Tiadora Ruza’s journey at the University of Waterloo began long before she started university. The inaugural winner of the Germain-Erdős Award spent many years as a teenager participating in the Math Circles program, a math outreach and enrichment program conducted on campus by the Centre for Education in Math and Computing. Math Circles, Ruza reflects, “allowed me to become familiar with the campus environment and made Waterloo feel like my mathematical home.”
Because of that familiarity, coming to Waterloo to study combinatorics and optimization as well as computer science was a logical choice. “I looked forward to the opportunity to study with other students who were just as passionate about mathematics as I was,” she says. “After arriving here, through orientation, classes, and URAs, I’ve had the opportunity to meet extraordinarily talented and passionate individuals who inspire me in my own mathematical journey.”
Now, as she prepares to graduate this June, Ruza has reached another milestone in her journey: winning the inaugural Germain-Erdős award. The Germain-Erdős Award was established by math graduate David Ash (BMath ’87) to recognize and support undergraduate research. Ash loved the research he did into Combinatorics and Optimization as an undergraduate, and thus established the award to “support the next generation of mathematical researchers.” It is named for two ground-breaking mathematicians — Sophie Germain and Paul Erdős.

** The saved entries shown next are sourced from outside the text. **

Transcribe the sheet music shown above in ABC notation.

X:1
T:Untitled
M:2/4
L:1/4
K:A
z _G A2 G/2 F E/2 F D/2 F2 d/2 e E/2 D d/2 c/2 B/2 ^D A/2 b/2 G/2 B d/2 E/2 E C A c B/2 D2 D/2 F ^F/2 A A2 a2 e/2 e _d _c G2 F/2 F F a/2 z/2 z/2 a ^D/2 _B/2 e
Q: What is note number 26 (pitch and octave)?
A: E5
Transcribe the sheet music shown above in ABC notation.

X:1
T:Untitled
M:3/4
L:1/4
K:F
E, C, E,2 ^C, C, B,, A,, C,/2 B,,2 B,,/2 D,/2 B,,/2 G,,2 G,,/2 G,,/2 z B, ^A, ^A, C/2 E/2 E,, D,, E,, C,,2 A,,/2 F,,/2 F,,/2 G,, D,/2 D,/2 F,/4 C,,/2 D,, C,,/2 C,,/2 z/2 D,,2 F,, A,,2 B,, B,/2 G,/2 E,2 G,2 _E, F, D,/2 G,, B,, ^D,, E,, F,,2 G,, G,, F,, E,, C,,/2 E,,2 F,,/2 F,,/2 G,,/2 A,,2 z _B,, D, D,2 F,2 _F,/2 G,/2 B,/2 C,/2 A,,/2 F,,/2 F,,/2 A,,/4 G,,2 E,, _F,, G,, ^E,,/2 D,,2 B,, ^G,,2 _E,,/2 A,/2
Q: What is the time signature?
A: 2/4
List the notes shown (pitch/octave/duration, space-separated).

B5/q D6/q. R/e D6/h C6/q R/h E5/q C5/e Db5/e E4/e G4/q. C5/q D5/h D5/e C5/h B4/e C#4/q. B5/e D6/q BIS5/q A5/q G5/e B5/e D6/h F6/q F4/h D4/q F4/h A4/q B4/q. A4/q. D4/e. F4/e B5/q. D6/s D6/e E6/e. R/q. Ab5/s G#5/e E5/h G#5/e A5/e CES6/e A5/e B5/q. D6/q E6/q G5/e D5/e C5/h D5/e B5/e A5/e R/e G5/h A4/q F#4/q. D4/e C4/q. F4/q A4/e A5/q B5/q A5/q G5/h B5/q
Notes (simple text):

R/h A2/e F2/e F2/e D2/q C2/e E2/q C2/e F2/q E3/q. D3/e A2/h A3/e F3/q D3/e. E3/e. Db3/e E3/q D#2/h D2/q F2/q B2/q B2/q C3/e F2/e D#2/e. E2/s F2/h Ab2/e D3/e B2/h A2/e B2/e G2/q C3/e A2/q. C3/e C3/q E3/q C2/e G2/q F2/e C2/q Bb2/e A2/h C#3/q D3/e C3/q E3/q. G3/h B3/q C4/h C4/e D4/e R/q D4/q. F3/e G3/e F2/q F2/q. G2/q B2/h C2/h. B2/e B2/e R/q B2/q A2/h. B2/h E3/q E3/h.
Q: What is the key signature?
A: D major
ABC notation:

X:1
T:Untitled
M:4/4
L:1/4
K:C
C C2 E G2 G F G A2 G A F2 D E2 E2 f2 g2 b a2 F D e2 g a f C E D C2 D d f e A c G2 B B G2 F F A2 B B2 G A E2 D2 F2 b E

Tiadora received the Germain-Erdős award in recognition of the research she has conducted in two fields: Analytic Combinatorics in Several Variables and Hand-Writing Recognition. During her NSERC Undergraduate Student Research Award–sponsored work with Combinatorics and Optimization Professor Stephen Melczer, she sought to prove Local Central Limit Theorems — “in other words, proving that certain objects follow a normal distribution.”
She also did two terms of research with Computer Science Professor George Labahn, considering the problem of mathematics hand-writing recognition — “in particular, how to provide effective recognitions tailored to a certain users’ hand-writing.”